Three of them don't seem to be able to wait.

In person, this applies to Olaf Scholz, who shows cheerful confidence and enthusiasm for Chancellor, as if he had already been elected.

Lindner leads the FDP tightly

However, the traffic light construction contains many imponderables, not only because the federal government would rule in this constellation for the first time. How much life of their own, especially the red and green parties, when they are confronted with the rigors of governance, is open. The FDP is run tightly by its chairman Christian Lindner, but the party's last four years in government from 2009 to 2013 were by no means a proof of government art.

Scholz has a few points on the credit side. He and his party are experienced through almost continuous government practice since 1998. There is a second strong figure in the party, the former Juso boss Kevin Kühnert, who has proven in the fight for party leadership how effective he can act against Scholz. But unlike Oskar Lafontaine in 1998, Kühnert is not the loser in the fight for the Chancellery, who could seek revenge and develop destructive power in the long term. Kühnert is three decades younger than Scholz, has time and knows that a well-functioning federal government led by social democrats would be useful to him.

All in all, the expected coalition has what it takes to become a stable structure.

Because Scholz and his partners know that even the most sensible content-related projects are worthless if the government does not have the strength to implement them, all of their political goals seem to be coordinated in such a way that the stability of the future coalition is not endangered.

The price for the chancellorship

An example of this are the labor market reforms that Scholz helped to implement under Schröder's leadership and that drove like a hatchet into the SPD under the keyword Hartz IV.

Olaf Scholz has experienced everything that can be learned about the art of government from this example.

Therefore, he knows that a change to the Hartz laws is part of the price that his comrades demand for the chancellorship.

How Scholz wants to make this circle square is shown in the exploratory paper that the traffic light presented early on. Instead of the basic security (Hartz IV), a "citizen's benefit" should be introduced. The hated term should therefore be deleted, but the cooperation of the benefit recipients should continue to apply. It remains to be seen whether the sanctions rejected by many on the left will be lifted. It only says that which rules should be continued will be checked. The FDP should be pleased that the opportunities for additional income will be increased.

There are other examples.

The SPD approaches the arming of drones, against which there is still resistance from the left, like a cat's paw.

Or the tax and duty burden.

The increases that are often desired in the red-green camp are rejected in the exploratory paper using the examples of income, company and value added tax.

Instead, the income from the global minimum taxation, which Scholz was instrumental in driving, should be used.

Apparently red, green and yellow can live with this.
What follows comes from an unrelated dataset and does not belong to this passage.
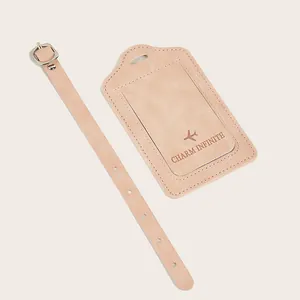 Pink PU leather luggage tag with airplane icon and adjustable strap for travel bags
Scholz makes no secret of his consideration for the FDP.

He will not have forgotten that Jamaica failed four years ago because Lindner was afraid of being ripped off by the Union and the Greens.
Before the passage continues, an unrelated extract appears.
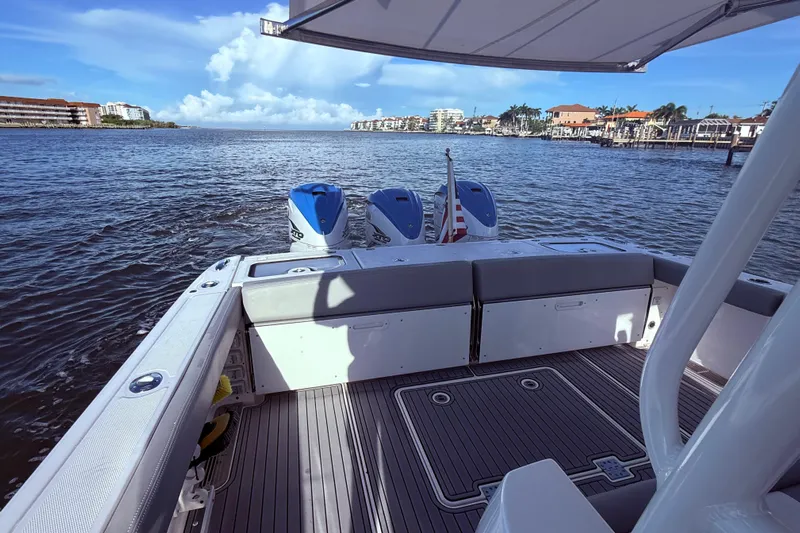 Yacht Photos Pics 2023 Everglades 395 Center Console boat on water, featuring dual engines and spacious deck.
How much bigger must the worries be with red-green?

Scholz has mastered the art of making compromises that do not shake the government but do not force the Chancellor to betray his convictions.

He experienced the courageous, sometimes brutal Schröder up close, as well as the tactful, persistent Merkel.

He resembles the latter more than his party colleague.

Merkel was not the chancellor who would have pushed through a historic project on the scale of a European monetary union.

However, she defended this legacy of her predecessor Kohl.

It is the same with Scholz.

The Hartz laws were politically enforced by Schröder.

Scholz will try to save as much of this legacy as possible.

This way of governing could shape the traffic lights.

Germans have been used to it for 16 years.